À travers le cycle de vie de la destination, l’attractivité varie donc selon le type de visiteurs, les explorateurs recherchant des destinations peu connues, moins développées et offrant moins de services, en un mot : excentrées. À l’opposé, la majorité des touristes se déplacent dans des destinations connues où les capacités d’accueil sont plus grandes. Ces destinations seront alors des centres. La phase de déclin sera atteinte lorsque « la capacité de charge » sociale, environnementale ou d’expérience aura été atteinte. Les touristes n’y trouvant plus ce qu’ils cherchent choisiront une autre destination. De centre, la destination retrouvera un statut périphérique.

Si la théorie du cycle de vie des destinations occupe une position centrale dans la gestion des destinations et la compréhension de leur évolution, des critiques émergent et plusieurs auteurs (dont Tooman, 1997 ; McKercher, 2005 ; Muangasame, 2014) soulignent la forte simplification du concept de destination. Les territoires touristiques sont un tissu complexe d’organisations impliquées dans des flux relationnels politiques et économiques multiscalaires. Il est donc difficile de statuer qu’une destination est au point de stagnation quand, par exemple, une expérience à destination peut être en forte croissance alors qu’un secteur complet de la restauration locale pourrait être en déclin. La seule croissance dans le temps comme indicateur de développement est aussi réductionniste, démontrant un fort biais envers un discours d’une croissance vertueuse. Les exemples où la croissance menace la destination sans qu’une baisse du régime de croissance se fasse sentir sont nombreux, pensons entre autres à Venise et à Barcelone (Milano et al., 2019).
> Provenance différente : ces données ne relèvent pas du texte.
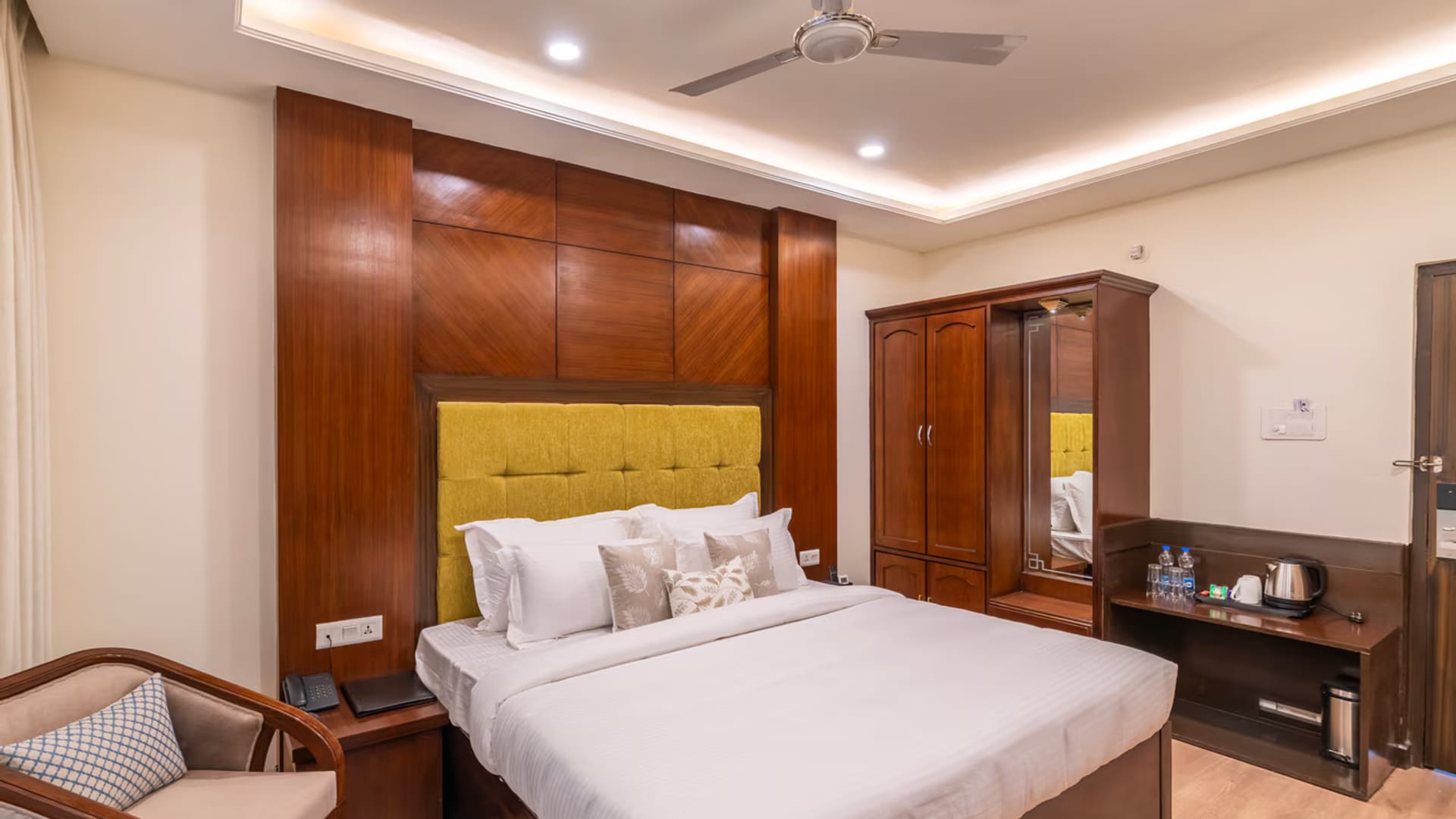 A Standard room with mountain view at Hotel Karnika, with a yellow padded headboard, a wardrobe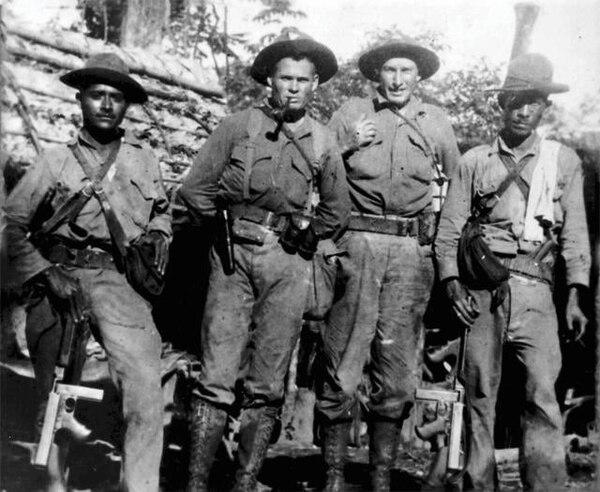 Puller (center left), Sergeant William "Ironman" Lee (center right), and two Nicaraguan soldiers in 1931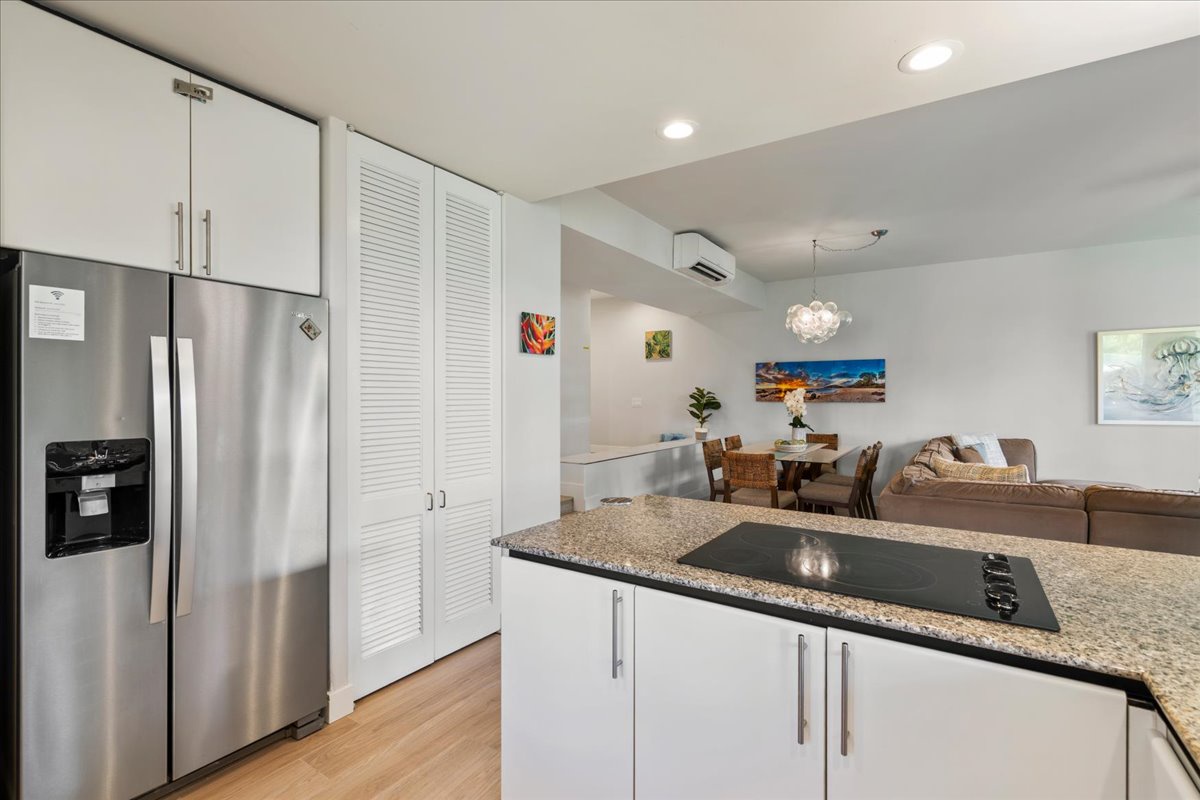 Step into your modern kitchen with granite counters and stainless appliances, flowing seamlessly into a bright open living and dining area. Everything you need to cook, relax, and make yourself at home.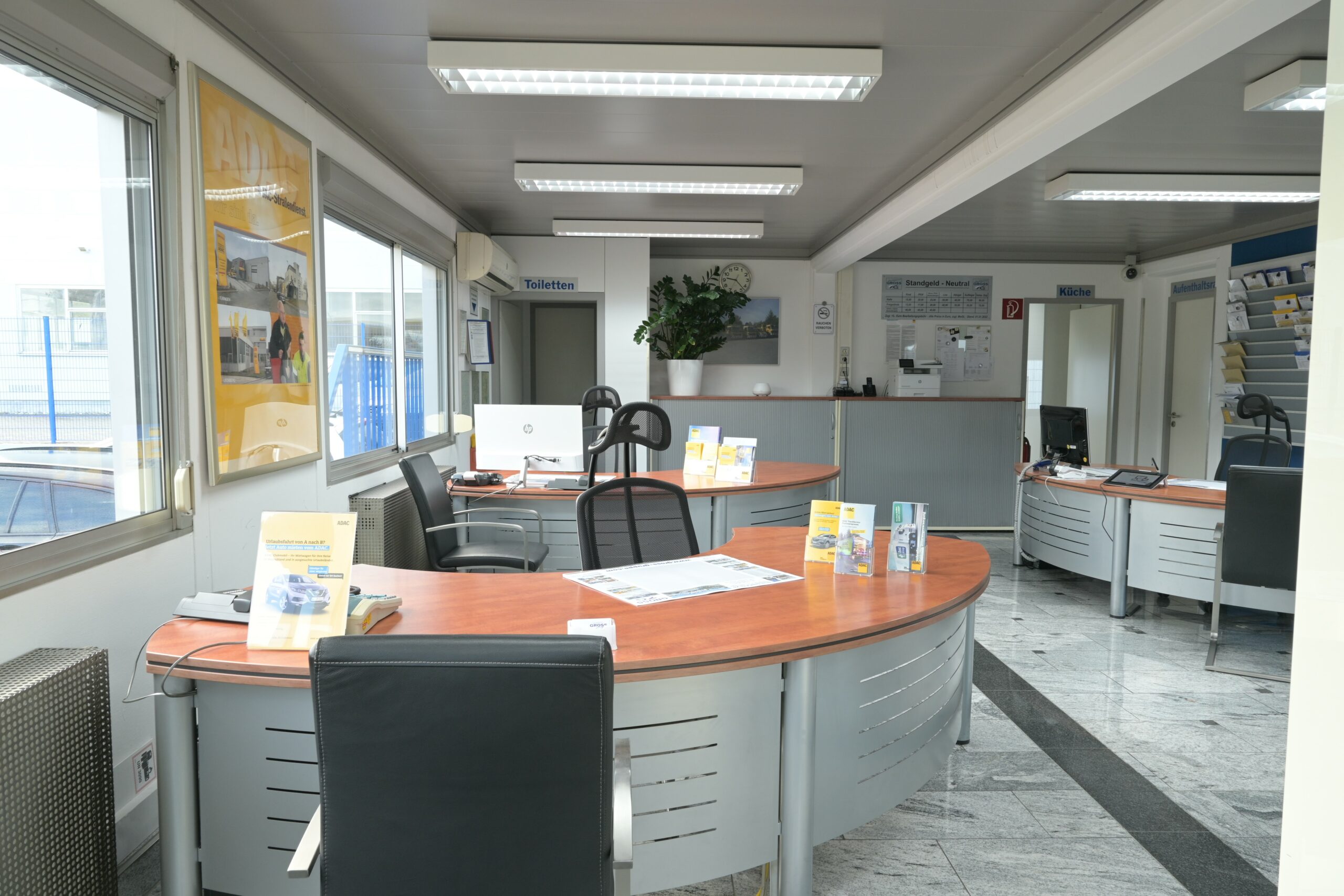 Modernes Büro mit mehreren stilvollen Holztischen, Computern und Broschüren, umgeben von großen Fenstern mit Licht.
Finalement, le cycle de vie de la destination reste peu explicatif des chocs et des crises que les territoires touristiques peuvent vivre et de l’importance de l’intersection entre tourisme et société. Lorsque la société d’accueil entre en crise – politique, sanitaire, économique –, le tourisme entre en crise, et ce, même dans ses déclinaisons les plus enclavées.

Développer une destination touristique, en assurer la croissance tout en respectant ses ressources, dépendent donc de facteurs géographiques, comme l’accès, la diversité des attraits et leur mise en réseau, la capacité d’accueil (dont l’hébergement), mais c’est surtout une question éminemment politique, de la conjugaison des intérêts parfois opposés des résidents, des entrepreneurs et des élus qui ne partagent pas tous les mêmes critères de réussite et de saturation.

Les théories et les concepts présentés dans cette introduction et dans le présent numéro de Téoros expliquent donc en partie que le tourisme ne peut, à lui seul, modifier les carcans sociaux et économiques structurels. Il n’empêche que certaines périphéries permettent de changer l’image d’un ailleurs situé « au milieu de nulle part » en un lieu valorisé, désiré, un « nulle part ailleurs ».